On July 1, 2015, Law360 queried the Supreme Court decision not to review Google Inc. v. Oracle America Inc. in their Voices on the Bar column. Oren Warshavsky, head of BakerHostetler’s national Copyright, Content, and Platforms team and one of Law360’s Voices on the Bar commented:
“In a vacuum, the Federal Circuit’s holding could well disrupt interoperability. APIs are the specifications permitting programs to communicate and operate together across a single or multiple platforms, and thus are critical to, among other things, local networks, mobile computing, cloud computing and the Internet of Things. APIs are openly used throughout the computer industry; developers write programs for one platform and then use APIs to make the application operable across other platforms. The industry trend has been toward universal applications that are “platform agnostic” — the same application is written for a desktop computer, iPhone, Android phone, etc. If all APIs are protected copyrights, and enforced by the copyright owners, the Federal Circuit’s ruling would require developers to rewrite applications for each platform and interoperability certainly would be chilled.

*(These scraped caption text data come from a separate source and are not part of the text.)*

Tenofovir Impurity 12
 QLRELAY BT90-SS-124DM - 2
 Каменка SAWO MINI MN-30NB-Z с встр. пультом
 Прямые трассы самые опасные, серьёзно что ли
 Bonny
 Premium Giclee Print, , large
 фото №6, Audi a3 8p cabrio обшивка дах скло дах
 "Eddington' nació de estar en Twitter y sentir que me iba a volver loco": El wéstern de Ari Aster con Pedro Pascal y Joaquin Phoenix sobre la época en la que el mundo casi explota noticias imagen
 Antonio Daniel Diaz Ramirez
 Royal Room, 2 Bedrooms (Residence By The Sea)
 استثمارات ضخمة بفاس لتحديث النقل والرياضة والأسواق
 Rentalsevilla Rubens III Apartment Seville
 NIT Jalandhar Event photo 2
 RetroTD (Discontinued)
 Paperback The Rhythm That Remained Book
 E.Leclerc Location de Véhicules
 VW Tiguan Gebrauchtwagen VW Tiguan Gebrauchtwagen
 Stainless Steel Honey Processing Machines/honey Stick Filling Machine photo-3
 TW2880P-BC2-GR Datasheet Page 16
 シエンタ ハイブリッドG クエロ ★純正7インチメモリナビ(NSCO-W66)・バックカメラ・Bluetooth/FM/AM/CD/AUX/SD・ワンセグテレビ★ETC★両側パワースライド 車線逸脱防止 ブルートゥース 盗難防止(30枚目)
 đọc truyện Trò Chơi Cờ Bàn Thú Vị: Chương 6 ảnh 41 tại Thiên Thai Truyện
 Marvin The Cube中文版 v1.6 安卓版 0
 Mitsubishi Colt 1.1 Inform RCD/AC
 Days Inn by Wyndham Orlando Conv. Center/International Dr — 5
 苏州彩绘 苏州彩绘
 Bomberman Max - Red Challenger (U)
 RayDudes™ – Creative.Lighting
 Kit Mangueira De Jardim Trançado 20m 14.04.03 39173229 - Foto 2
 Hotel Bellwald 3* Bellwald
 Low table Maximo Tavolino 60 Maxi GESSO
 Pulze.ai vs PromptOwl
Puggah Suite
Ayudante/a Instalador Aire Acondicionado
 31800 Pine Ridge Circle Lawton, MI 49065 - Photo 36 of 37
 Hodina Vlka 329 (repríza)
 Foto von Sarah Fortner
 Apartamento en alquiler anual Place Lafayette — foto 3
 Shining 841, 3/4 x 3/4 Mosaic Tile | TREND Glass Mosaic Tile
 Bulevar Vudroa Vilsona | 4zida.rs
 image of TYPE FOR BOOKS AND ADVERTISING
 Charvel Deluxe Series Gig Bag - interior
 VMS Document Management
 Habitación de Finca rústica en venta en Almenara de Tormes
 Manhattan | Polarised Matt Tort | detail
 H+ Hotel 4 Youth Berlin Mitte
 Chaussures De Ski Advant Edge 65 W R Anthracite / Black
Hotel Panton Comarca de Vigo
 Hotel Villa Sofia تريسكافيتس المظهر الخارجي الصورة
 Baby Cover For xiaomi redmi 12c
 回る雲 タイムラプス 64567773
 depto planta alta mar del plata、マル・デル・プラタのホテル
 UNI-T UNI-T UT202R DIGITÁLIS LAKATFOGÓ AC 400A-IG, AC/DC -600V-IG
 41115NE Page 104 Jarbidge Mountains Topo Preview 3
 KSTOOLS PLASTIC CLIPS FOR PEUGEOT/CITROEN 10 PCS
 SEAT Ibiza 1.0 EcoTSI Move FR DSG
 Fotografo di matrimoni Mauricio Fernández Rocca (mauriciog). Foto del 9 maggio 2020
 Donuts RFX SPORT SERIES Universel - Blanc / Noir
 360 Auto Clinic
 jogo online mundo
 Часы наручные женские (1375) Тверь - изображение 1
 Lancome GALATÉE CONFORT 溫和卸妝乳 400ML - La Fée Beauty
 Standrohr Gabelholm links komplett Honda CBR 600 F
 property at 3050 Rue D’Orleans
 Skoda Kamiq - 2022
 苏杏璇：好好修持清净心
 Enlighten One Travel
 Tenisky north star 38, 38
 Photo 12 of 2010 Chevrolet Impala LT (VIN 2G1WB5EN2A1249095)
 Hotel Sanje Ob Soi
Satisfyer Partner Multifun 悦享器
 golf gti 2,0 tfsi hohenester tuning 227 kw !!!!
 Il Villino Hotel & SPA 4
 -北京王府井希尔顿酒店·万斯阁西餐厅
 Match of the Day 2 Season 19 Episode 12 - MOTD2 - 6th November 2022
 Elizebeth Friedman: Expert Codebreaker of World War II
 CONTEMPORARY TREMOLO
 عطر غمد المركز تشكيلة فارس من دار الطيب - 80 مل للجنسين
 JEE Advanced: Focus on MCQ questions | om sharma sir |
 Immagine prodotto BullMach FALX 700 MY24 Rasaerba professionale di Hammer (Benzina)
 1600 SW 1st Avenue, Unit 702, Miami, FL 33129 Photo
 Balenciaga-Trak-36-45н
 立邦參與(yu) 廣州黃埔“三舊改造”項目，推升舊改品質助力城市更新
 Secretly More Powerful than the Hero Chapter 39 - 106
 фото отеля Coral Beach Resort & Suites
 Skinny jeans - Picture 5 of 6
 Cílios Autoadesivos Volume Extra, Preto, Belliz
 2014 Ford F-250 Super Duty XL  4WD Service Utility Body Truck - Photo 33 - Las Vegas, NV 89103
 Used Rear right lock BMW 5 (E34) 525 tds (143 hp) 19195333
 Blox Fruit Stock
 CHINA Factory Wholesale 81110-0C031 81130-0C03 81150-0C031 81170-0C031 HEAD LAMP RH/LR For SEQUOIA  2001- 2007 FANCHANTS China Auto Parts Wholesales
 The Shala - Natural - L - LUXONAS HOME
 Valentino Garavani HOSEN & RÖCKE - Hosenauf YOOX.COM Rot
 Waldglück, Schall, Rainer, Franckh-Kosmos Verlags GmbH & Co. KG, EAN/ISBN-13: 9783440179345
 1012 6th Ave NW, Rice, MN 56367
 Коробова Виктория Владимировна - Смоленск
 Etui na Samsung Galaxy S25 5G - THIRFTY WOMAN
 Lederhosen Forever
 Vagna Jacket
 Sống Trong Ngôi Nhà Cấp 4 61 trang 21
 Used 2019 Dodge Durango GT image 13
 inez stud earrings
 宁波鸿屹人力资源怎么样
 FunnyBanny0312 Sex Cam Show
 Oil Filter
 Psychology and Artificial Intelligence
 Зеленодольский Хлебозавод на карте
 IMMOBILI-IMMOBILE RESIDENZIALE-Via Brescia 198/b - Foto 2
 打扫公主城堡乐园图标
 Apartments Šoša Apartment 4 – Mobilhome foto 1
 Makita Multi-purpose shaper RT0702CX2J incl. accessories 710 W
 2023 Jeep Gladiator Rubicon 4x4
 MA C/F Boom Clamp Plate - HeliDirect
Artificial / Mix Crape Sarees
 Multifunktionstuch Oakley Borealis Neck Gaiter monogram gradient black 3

But the Federal Circuit was interpreting Ninth Circuit law, and many predict the Ninth Circuit — and other circuits — will decline to follow this ruling. Moreover, the decision can be limited because it focuses on the creative choices when these APIs were created; other APIs are created differently and many result from an iterative, purely utilitarian (and therefore not creative) process. Finally, the ruling specifically notes that interoperability will be considered in the fair use analysis in this case — which convinced the solicitor general that the Supreme Court should refrain from taking the case. The Federal Circuit’s decision clearly deals a blow to certainty — for now there is no longer a bright line copyrightability test — but its impact on interoperability and innovation may not be felt as significantly as some fear.”